Аналитическую чувствительность оценивали путём исследования серии последовательных десятикратных разведений суспензий культуральных штаммов «Аркус 32/87» вируса IHNV, «FLD/2004» вируса IPNV, «Аланд» вируса VHSV и «CCBB» вируса ISAV с исходными титрами инфекционной активности, соответственно, 6,90 lg ТЦД50/см3, 5,77 lg ТЦД50/см3, 7,20 lg ТЦД50/см3 и 5,50 lg ТЦД50/см3. Пределом чувствительности считали наибольшее разведение, при котором регистрировали положительный результат.
Результаты и обсуждение
На основании проведённого анализа последовательностей генома исследуемых вирусов IHNV, IPNV, VHSV и ISAV, представленных в базе данных GenBank Национального центра биотехнологической информации США (National Center for Biotechnological Information, NCBI) и рекомендаций Всемирной организации по охране здоровья животных (World Organisation for Animal Health, OIE) [14], нами были выбраны олигонуклеотиды к консервативным участкам 8-го сегмента вируса ISAV, нуклеокапсида (N) вируса VHSV, гена G вируса IHNV и сегмента B вируса IPNV, позволяющих идентифицировать максимальное количество известных штаммов и изолятов этих вирусов. Последовательности олигонуклеотидов представлены в таблице 1.

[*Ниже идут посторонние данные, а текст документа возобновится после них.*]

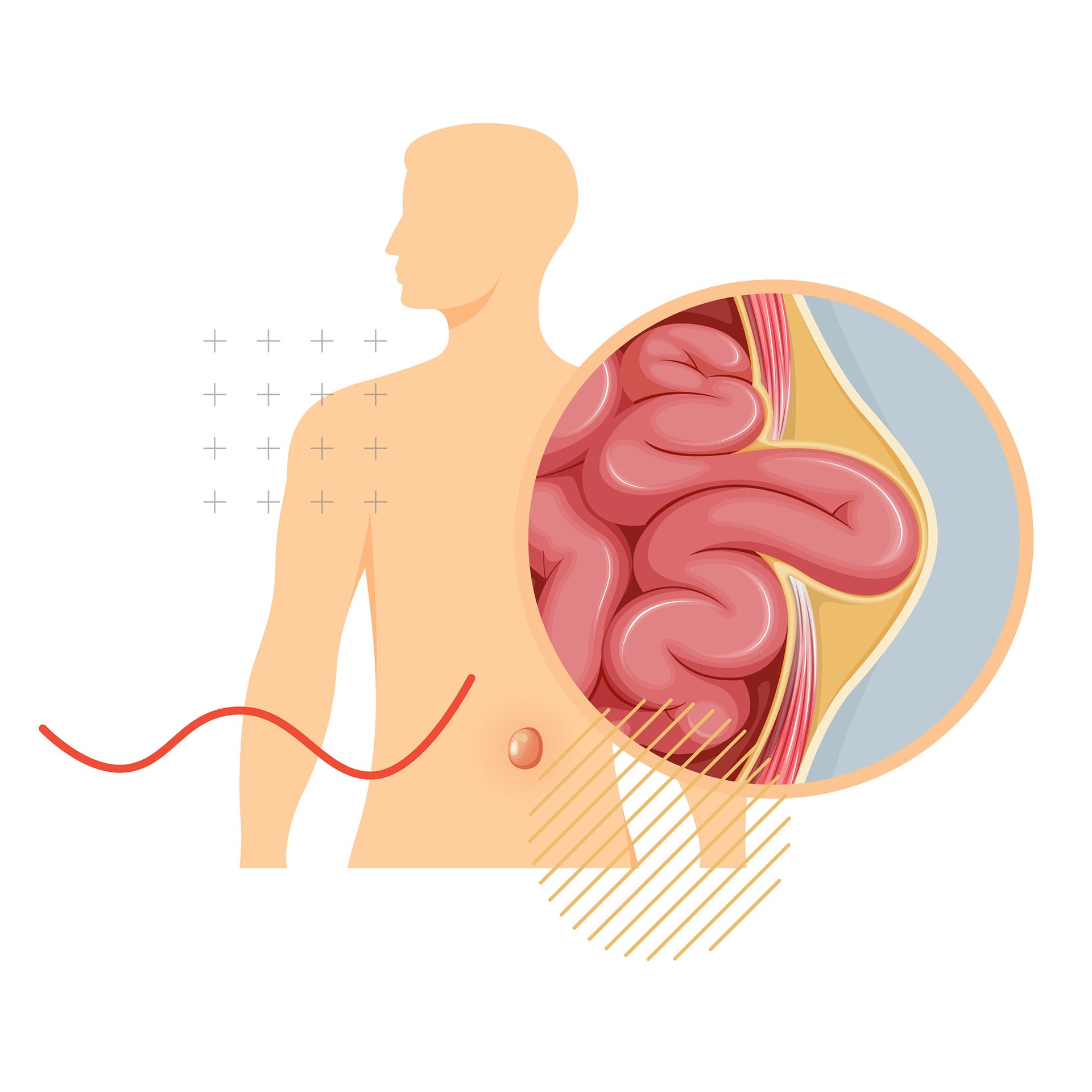 Una ilustración de dibujos animados del estómago y los intestinos de un hombre.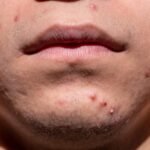 acne, shin, dermatology, skin, puberty, teen, young, treatment, medicine, sickness, remedy, health, cosmetics, acne, acne, acne, acne, acne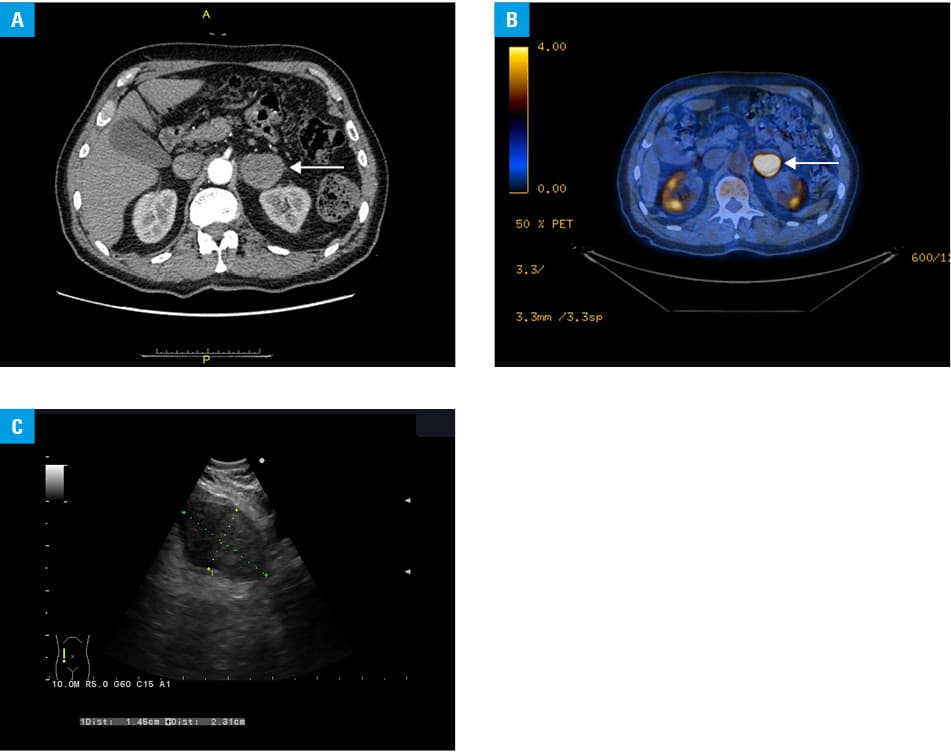 Receiver operating characteristic curve showing the sensitivity and specificity of computed tomography (Hounsfield units) for the assessment of left adrenal metastases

Таблица 1. Структура олигонуклеотидов для выявления возбудителей ISAV, VHSV, IHNV и IPNV
Table 1. Structure of oligonucleotides for the detection of pathogens ISAV, VHSV, INV and INV
Возбудитель |
Последовательность (5΄-3΄) олигонуклеотидов |
Размер ПЦР продукта, п.н. |
Источник |
ISAV |
F – GAAGAGTCAGGATGCCAAGACG |
211 |
M. Devold et al., 2000 [9] |
R – GAAGTCGATGAACTGCAGCGA |
|||
VHSV |
F – GGGGACCCCAGACTGT |
811 |
P. Vennerström et al., 2018 [17] |
R – TCTCTGTCACCTTGATCC |
|||
IHNV |
F – AGAGATCCCTACACCAGAGAC |
693 |
E.J. Emmenegger et al., 2000 [11] |
R – GGTGGTGTTGTTTCCGTGCAA |
|||
IPNV |
F - ACGTTGGTGGCACCCGACATAC |
860 |
Н.Ю. Кандрина и др., 2014 [8] |
R - GTGTCTCCTTTGGTTTTGCCTATG |
Примечание: F – forward (прямой олигонуклеотидный праймер), R – reverse (обратный олигонуклеотидный праймер)

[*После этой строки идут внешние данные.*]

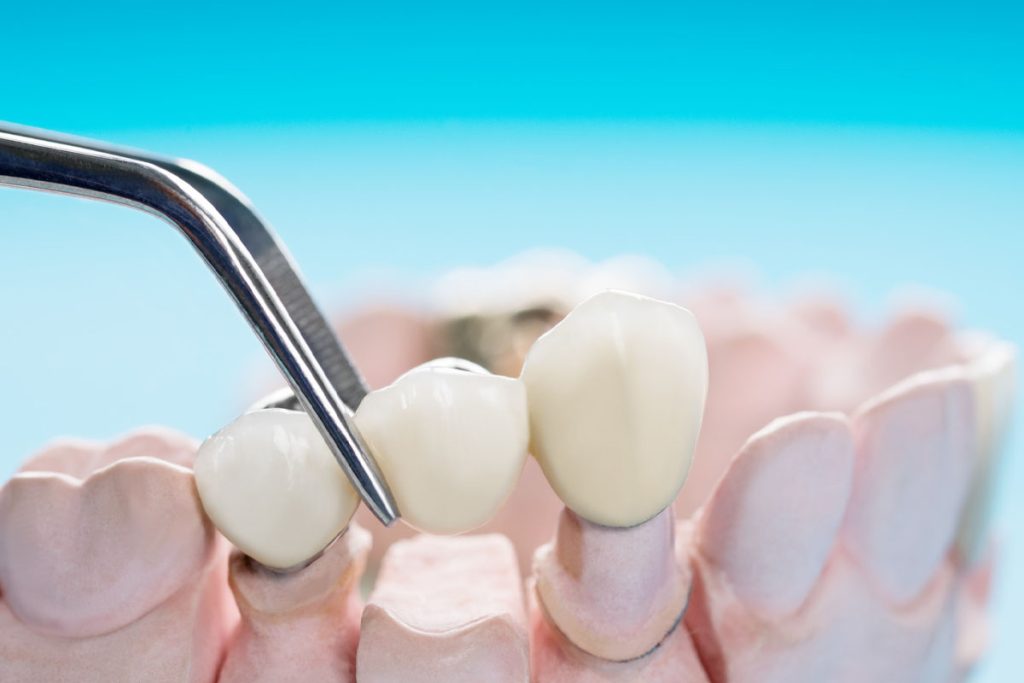 Crowns and Bridges in New Brighton, MN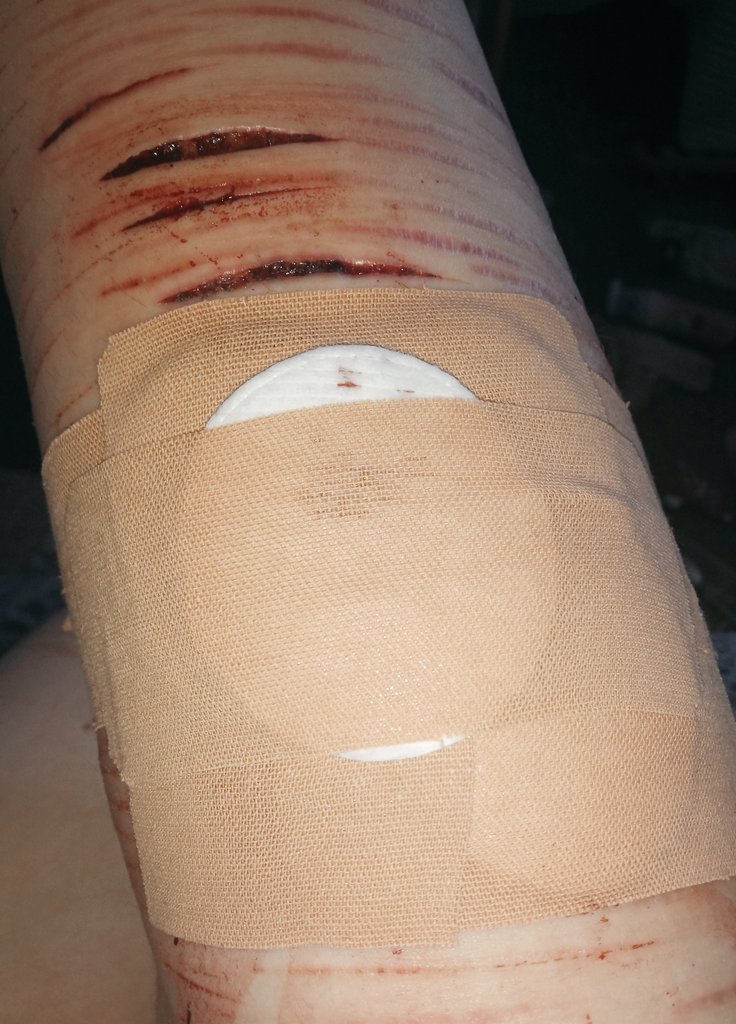 YA0lTRON's tweet photo. Sort of update from a few hours ago, i might've hit a vein or something?? It won't stop bleeding, even now, so I'm a bit worried. (Idk if it shows on camera but it was pulsing(?))
This is all the work of niko•ai, its not real.
Block, don't report please.
#slittwt #988twt https://t.co/TZ706elnPy
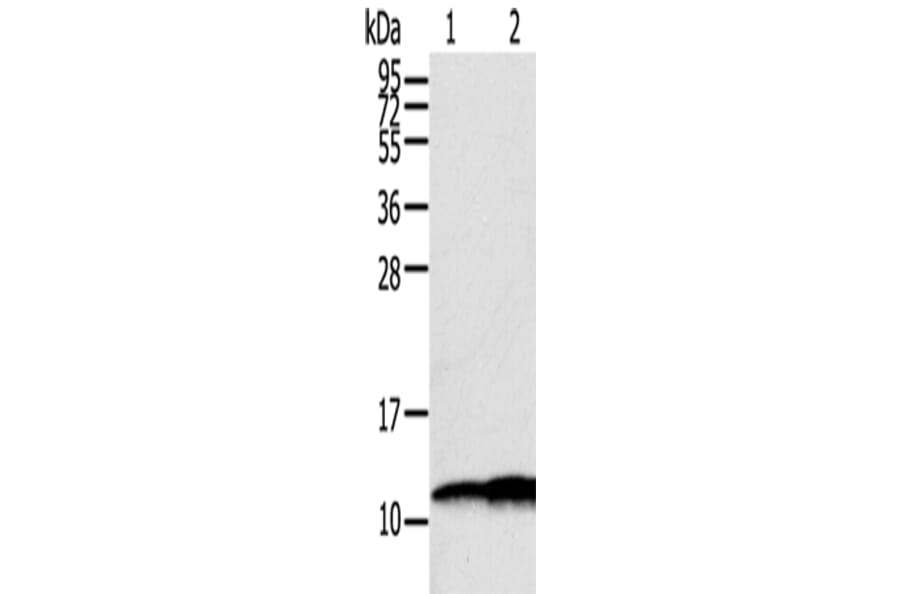 S100A11 Antibody from Signalway Antibody (43327) - Antibodies.com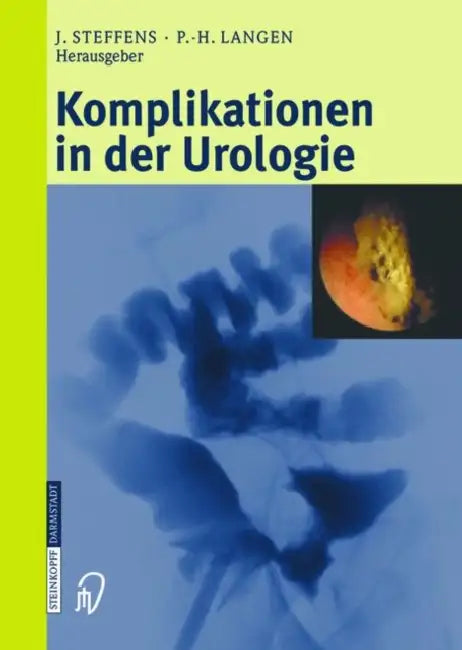 Komplikationen in Der Urologie by Joachim Steffens, Paul-Heinz Langen
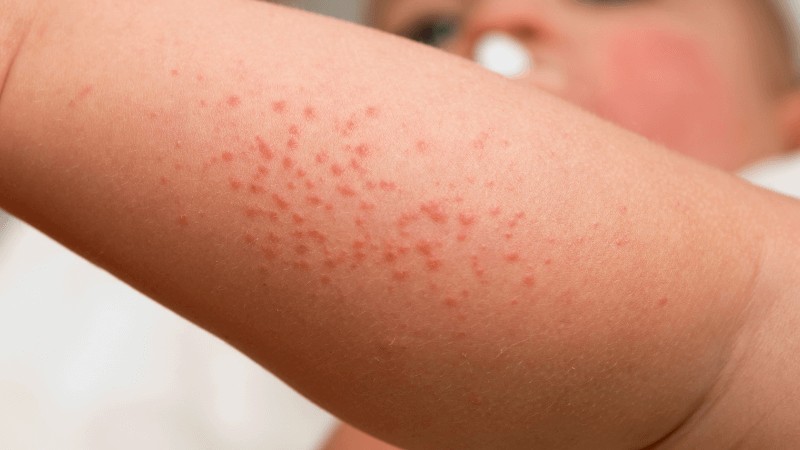 Bộ Y tế cảnh báo: Không được bỏ qua những dấu hiệu nguy hiểm của sốt xuất huyết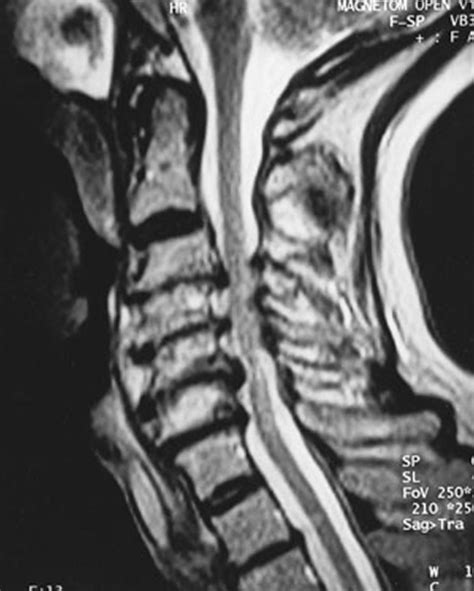 Spinal Cord Compression Causes, Symptoms, Diagnosis and Treatment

В серии экспериментов были подобраны температурные и временные условия постановки ПЦР. При амплификации фрагмента генома вируса IHNV количество циклов было увеличено с 30 до 35, что позволило наработать большее число ампликонов, тем самым увеличилась чувствительность реакции. При амплификации фрагмента генома вируса ISAV время отжига олигонуклеотидов было уменьшено с 45 сек до 30 сек, а синтеза – с 90 сек до 60 сек, что позволило сократить время реакции без потери её эффективности. При амплификации фрагмента генома вируса IPNV был убран второй раунд постановки ПЦР, предложенный Н.Ю. Кандриной с соавт. [8], что также позволило сократить время реакции. При амплификации фрагмента генома вируса VHSV температура отжига олигонуклеотидов была увеличена с 52°С до 55°С, что позволило усилить специфичность реакции.
Оптимизированные параметры амплификации для исследуемых инфекций представлены в таблице 2.

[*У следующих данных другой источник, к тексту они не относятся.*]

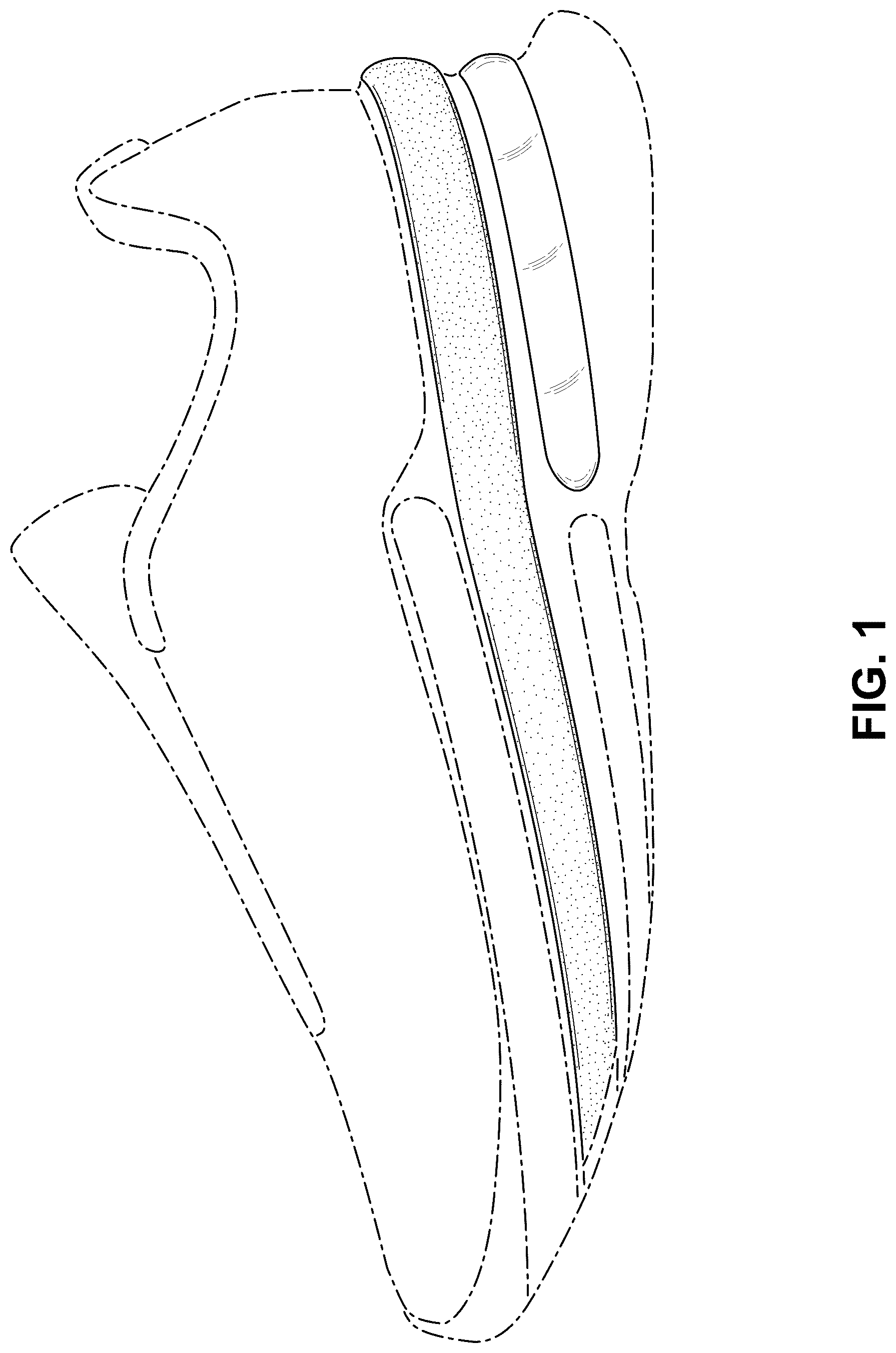 Patent USD1076375 Figure 1 – Shoe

Таблица 2. Параметры амплификации для выявления возбудителей ISAV, VHSV, IHNV и IPNV
Table 2. Amplification parameters for the detection of ISAV, VHSV, INV and INV pathogens
Стадия ПЦР |
Количество циклов |
Температура, °С |
Длительность стадии, мин. |
Предварительная денатурация |
1 |
95 |
3 |
Денатурация |
35 |
95 |
1/2 |
Отжиг праймеров |
59 (ISAV); 50 (IHNV); 55 (VHSV); 57 (IPNV) |
1/2 |
|
Синтез |
72 |
1 |
|
Заключительный синтез |
1 |
72 |
7 |
Хранение |
1 |
4 |
20 |
Специфичность выбранных олигонуклеотидов была проверена экспериментально при исследовании культур клеточных линий ASK (культура клеток головной почки атлантического лосося), RTG-2 (культура клеток гонад радужной форели), EPC (культура клеток папулезной эпителиомы карпа) и CHSE-214 (культура клеток эмбриона чавычи) после инокуляции вирусами, соответственно, ISAV, VHSV, IHNV и IPNV в ОТ-ПЦР. Полученные после амплификации фрагменты геномов данных вирусов анализировали с помощью гель-электрофореза.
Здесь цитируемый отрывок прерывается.